New changes to holiday accrual and pay, record keeping and TUPE consultations in force from 1 January 2024
The government has published its response to the consultation on calculating holiday entitlement for part-year and irregular hours workers and a separate consultation on reforming retained EU employment law. It has also published The Employment Rights (Amendment, Revocation and Transitional Provision) Regulations 2023 (new regulations) which will bring these changes into law, in most cases, from Monday 1 January 2024.
We will be publishing detailed guidance on the new regulations next week, but for now, here are the headlines:
Employers will be able to roll up holiday pay - but only for some categories of workers
Employers with holiday years from 1 April 2024 will be able to roll up holiday pay for irregular hours or part-year workers (which it defines) as long as:
- their holiday pay is calculated at 12.07% of their pay and is paid at the same time as their ordinary pay; and
- the amount of holiday pay is itemised separately on their payslips
Normal pay will be defined to include overtime, commission and other payments
The Government has decided not to create a single pot of 5.6 weeks’ annual leave. Instead, it will maintain the two pots of four weeks’ EU- derived annual leave (Regulation 13) and 1.6 weeks’ domestic leave (Regulation 13A). Employers must continue to pay EU-derived leave at a worker’s normal rate of pay, but can reduce it to basic pay for the remaining domestic leave.
The new regulations codify the existing caselaw and amend the law to make it clear that the following payments must be included in the four weeks of leave set out under S13 as follows:
- payments, including commission payments, which are intrinsically linked to the performance of tasks which the worker is obliged to carry out under the terms of their contract
- payments for professional or personal status relating to length of service, seniority or professional qualifications
- other payments, such as overtime payments, which have been regularly paid to the worker in the last 52 weeks
New accrual system for part-year and casual staff accrue leave to reflect the number of hours worked
The new regulations will introduce an accrual method for irregular and part-year workers.
For holiday years from 1 April 2024, a worker's holiday entitlement will be calculated at 12.07% of hours worked in a pay period (how often they are paid) and will apply in the first year of employment and beyond. This will override the Supreme Court's decision in Brazel v Harpur Trust which decided that part-year workers engaged under permanent or continuous contracts must receive at least 5.6 weeks paid holiday a year, even if they only worked for part of that year.

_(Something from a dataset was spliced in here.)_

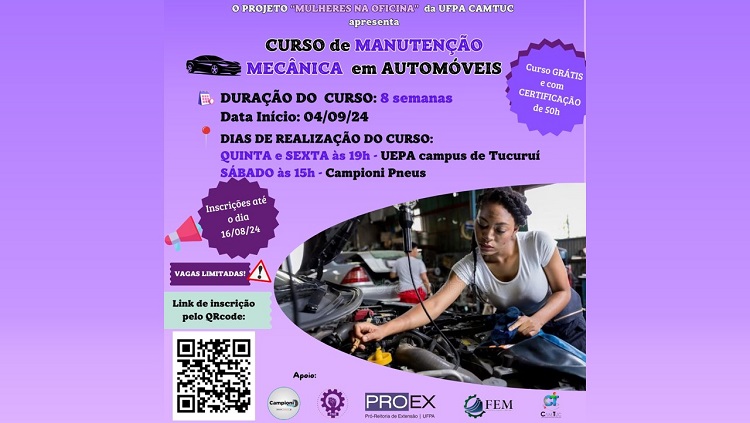 Curso de manutenção mecânica automotiva para Mulheres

Other workers will continue to accrue annual leave in their first year of employment as they do now by receiving 1/12th of the statutory entitlement on the first day of each month and to pro-rate it thereafter.

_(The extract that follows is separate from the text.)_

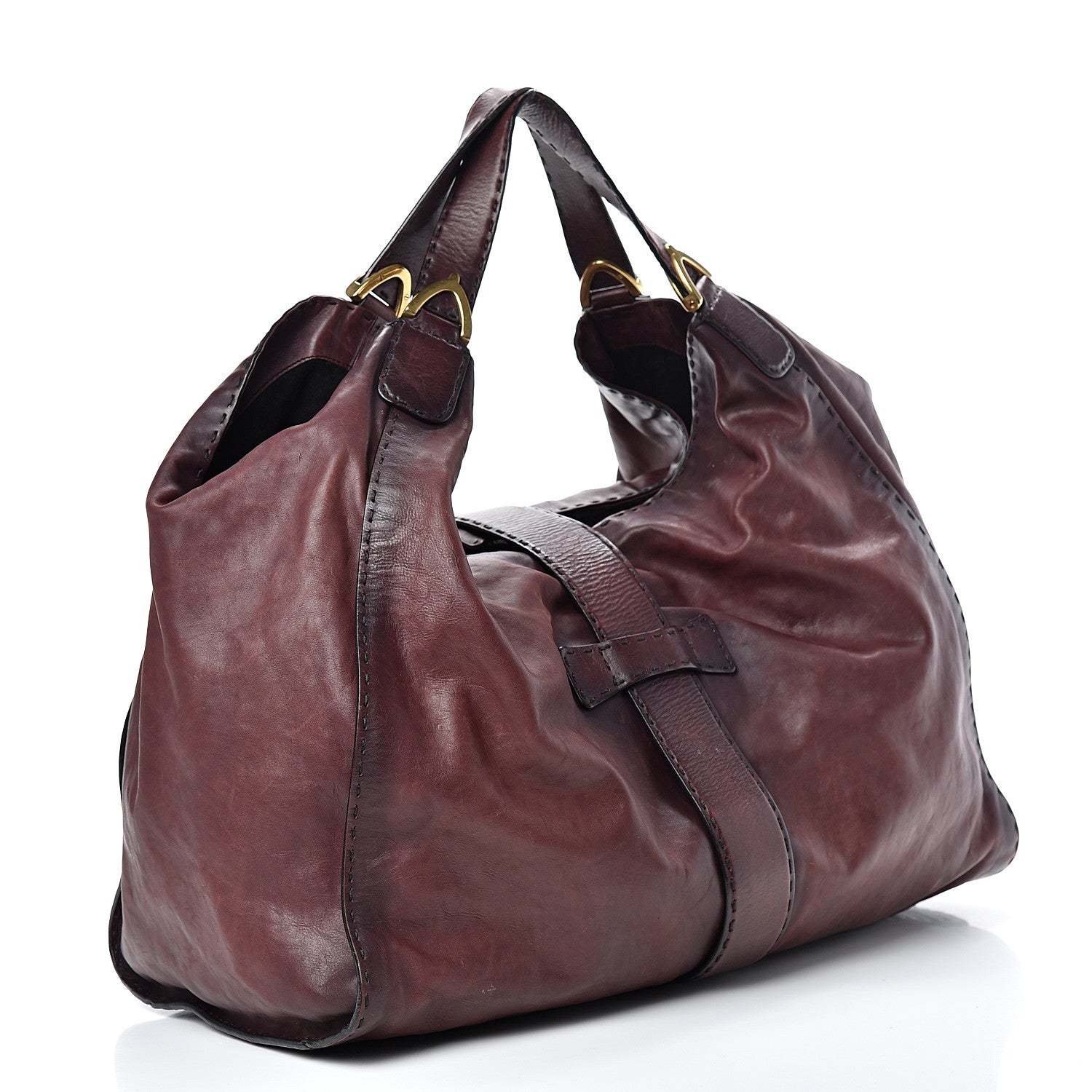 Gucci Calfskin Large Soft Stirrup Shoulder Bag Burgundy 2 of 17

Clarity over when workers can carry over holiday from one leave year to the next
The new regulations also, for the first time, set out when a worker can carry over leave from one year to another and reflect decisions of the ECJ and other UK courts.
Workers can carry over leave if they:
- have not been able to take it because their employer doesn't accept they have the right to paid leave (because, for example, they have been wrongly treated as self-employed)
- have not had a reasonable opportunity to take it
- aren't told by their employer that if they don't take leave by the end of the leave year, they will lose it
- are too ill to take it
- are unable to take it because they are on different type of leave such as maternity, shared parental leave or adoption leave
The regulations set out how much leave can be carried over and whether it can be rolled over into subsequent leave years.
Changes to record keeping
The new regulations require employers to keep ‘adequate’ records to demonstrate they have complied with the WTR's in respect of the maximum working week, working time for young workers, night work, health assessments and the transfer of night work to day work.
TUPE consultations
Businesses with fewer than 50 employees, and businesses of any size carrying out a small TUPE transfer of fewer than 10 employees, will be able to inform and consult directly with affected employees where there are no existing worker representatives in place.